Dr Baldini's research interests span palaeoclimate reconstruction using biogenic and inorganic carbonates, modern stable isotope systematics in meteoric precipitation and groundwater, and using geochemical fingerprinting to trace human impacts on the environment. In 2019, Dr Baldini led a successful Global Challenges Research Fund-Centre for Doctoral Training (GCRF-CDT) proposal entitled, "Maya subsistence farmer decision-making under climatic uncertainty in Central America". This multi-national collaboration (UK, USA, Belize) takes a unique interdisciplinary research approach combining meteorological monitoring, soil quality assessment, and farmer interviews to document for the first time, the impact of climate extremes and uncertainty on small-share farmers practicing rain-fed agriculture in S Belize. Also in 2019, Dr Baldini joined researchers from Durham University Biosciences and Norway on the a Leverhulme Trust-funded DurhamARCTIC Doctoral Training and Research Centre project to investigate how natural enemies and climate change in Arctic Norway might interact to increase the risk of non-native plant speices invasion over the next several decades. Dr Baldini co-supervises the two PhD students working on the above projects (2019-2022). Dr Baldini also co-supervises a recently successfully viva'd Durham Geography PhD student working on the project 'Long-term accumulation of nutrients in the environment: A case study of estimating a spatial N budget across the UK'.
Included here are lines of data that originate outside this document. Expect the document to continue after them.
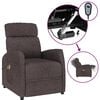 vidaXL Massagesessel Elektrisch Dunkelbraun Stoff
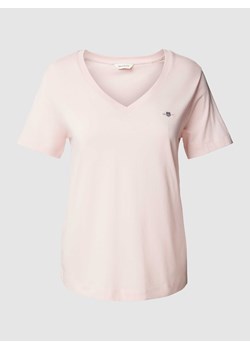 T-shirt z dekoltem w serek ze sklepu Peek&Cloppenburg  w kategorii Bluzki damskie - zdjęcie 169652161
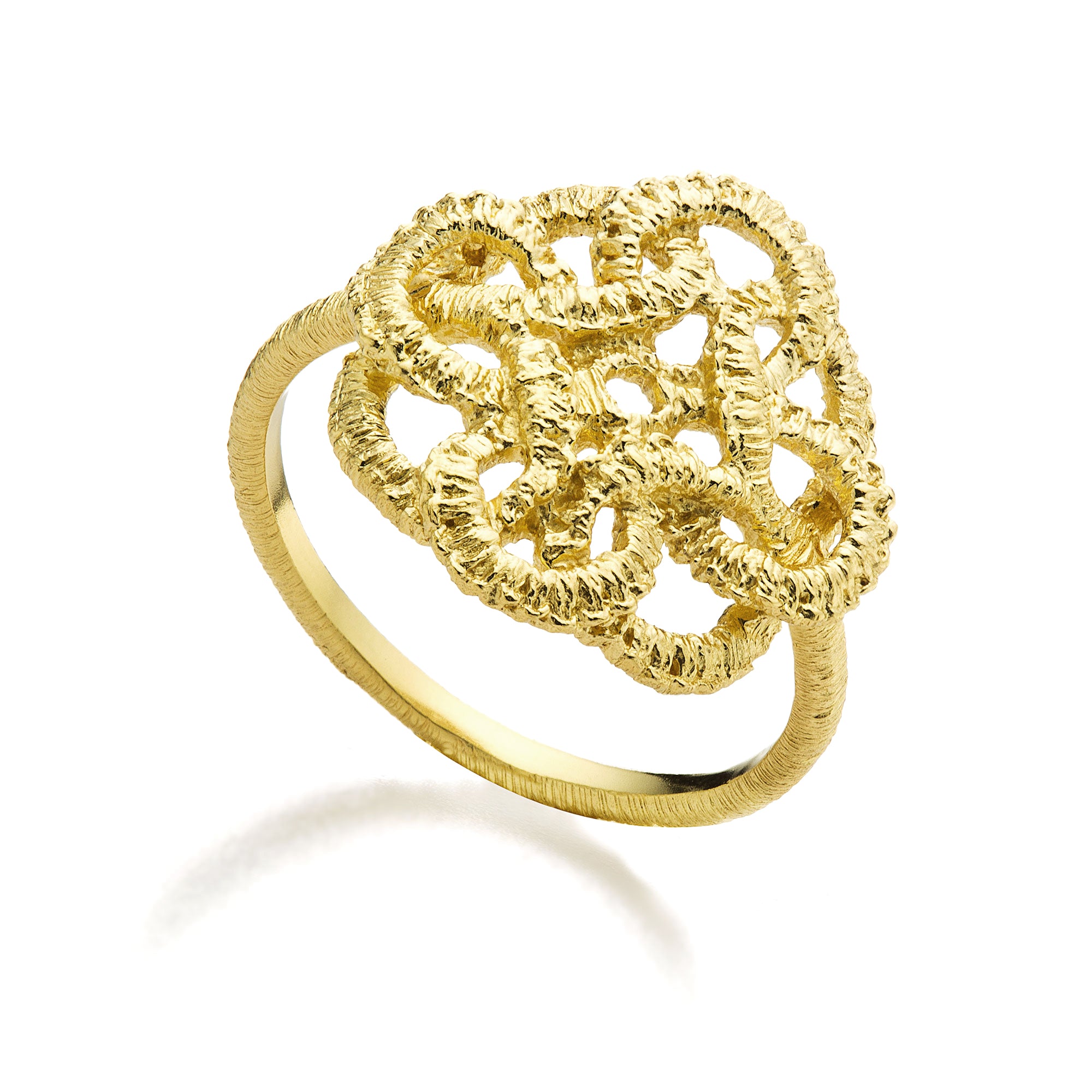 Ring "Samarkand" in Silber, vergoldet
Dr Baldini is co-investigator on two active Spanish government-funded archaeological projects based at the University of Cantabria, northern Spain. Both projects are multi-national collaborations that aim to reconstruct the evolution and behaviour of human groups in coastal areas of SW Europe since the Palaeolithic. Dr Baldini's palaeoclimate reconstructions at La Garma Cave have provided key insights into the role of climate in modulating human behaviour in northern Spain over the past 14,000 years.
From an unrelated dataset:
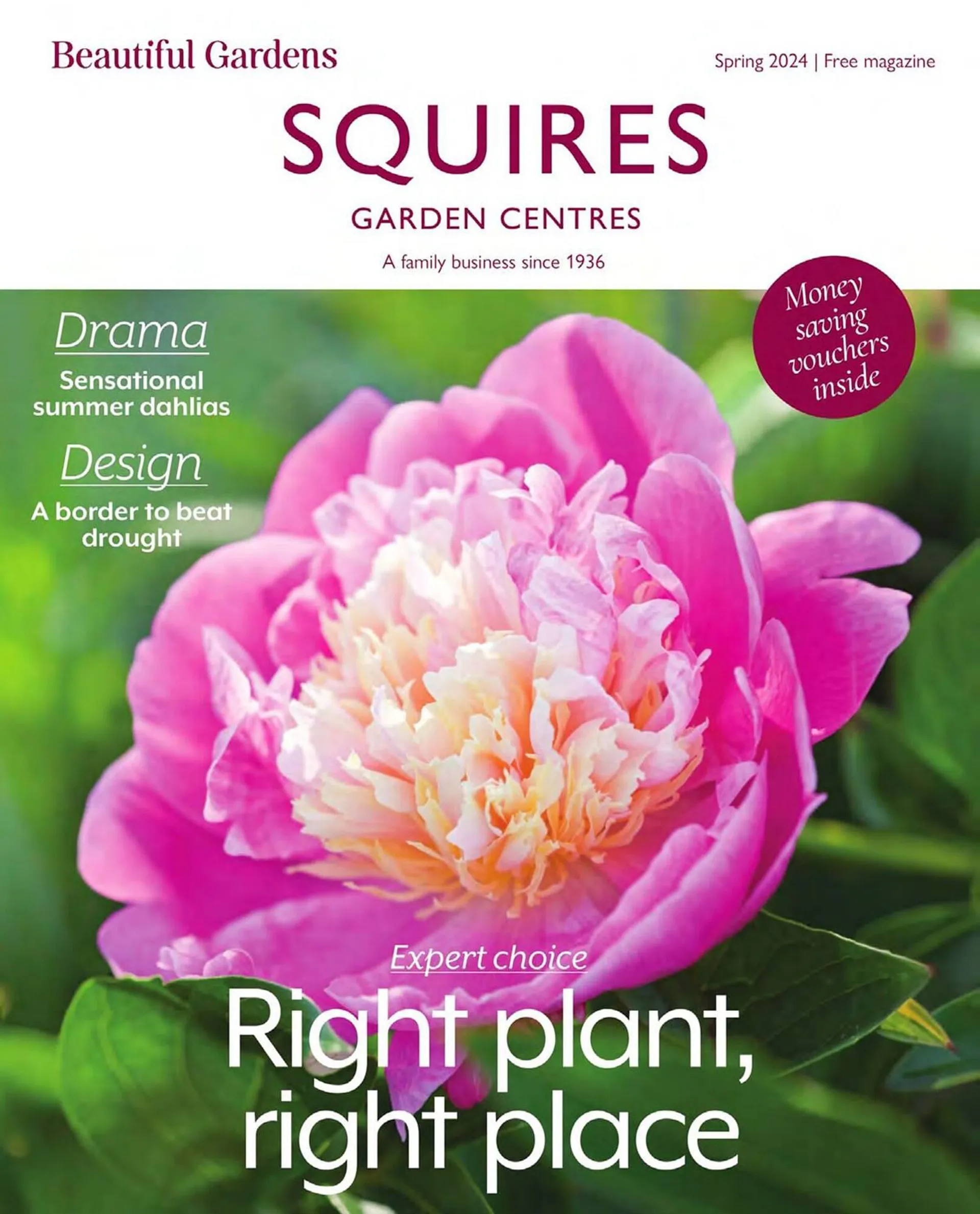Squires Garden Centres leaflet from 1 March to 31 May 2024 - Catalogue Page 1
Since 2010, Dr Baldini has conducted research in southern Belize at Yok Balum cave and across the Toledo District in collaboration with archaeologists, cultural anthropologists, palaeoclimatologists, and conservationists from institutions across the US, Europe, and Belize. In 2016 Dr Baldini published a stalagmite-based tropical cyclone reconstruction for the Western Caribbean that revealed a northward migration of storms over the past 450 years due to a combination of natural and anthropogenic factors. Work is currently underway to extend this record over the past 2000 years.